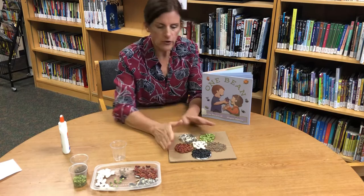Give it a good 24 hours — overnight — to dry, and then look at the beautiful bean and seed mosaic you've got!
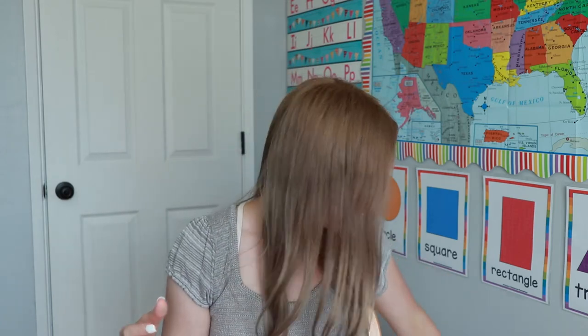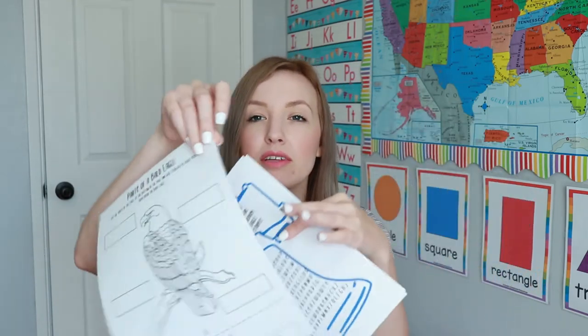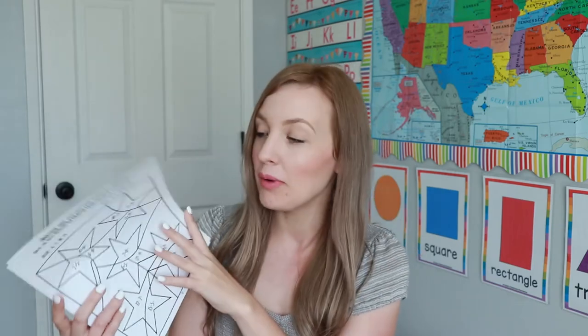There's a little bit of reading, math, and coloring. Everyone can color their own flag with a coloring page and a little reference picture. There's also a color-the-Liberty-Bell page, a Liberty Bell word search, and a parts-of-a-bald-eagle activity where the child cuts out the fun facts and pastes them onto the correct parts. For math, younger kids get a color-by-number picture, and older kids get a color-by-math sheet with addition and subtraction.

==

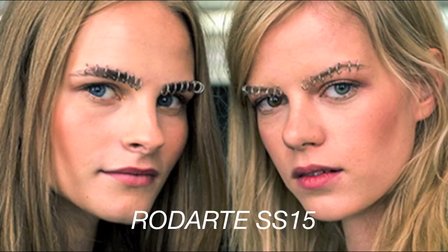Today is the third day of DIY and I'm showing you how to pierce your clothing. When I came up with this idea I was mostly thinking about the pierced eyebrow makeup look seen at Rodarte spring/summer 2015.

- _TASK REQUIREMENTS_:
Although the records above contain pictures, the copy must not; set down exactly the lines from the one with "Give it a good" up to and including the one with "There's a little".

- _OUTPUT_:
Give it a good 24 hours — overnight — to dry, and then look at the beautiful bean and seed mosaic you've got!
There's a little bit of reading, math, and coloring. Everyone can color their own flag with a coloring page and a little reference picture. There's also a color-the-Liberty-Bell page, a Liberty Bell word search, and a parts-of-a-bald-eagle activity where the child cuts out the fun facts and pastes them onto the correct parts. For math, younger kids get a color-by-number picture, and older kids get a color-by-math sheet with addition and subtraction.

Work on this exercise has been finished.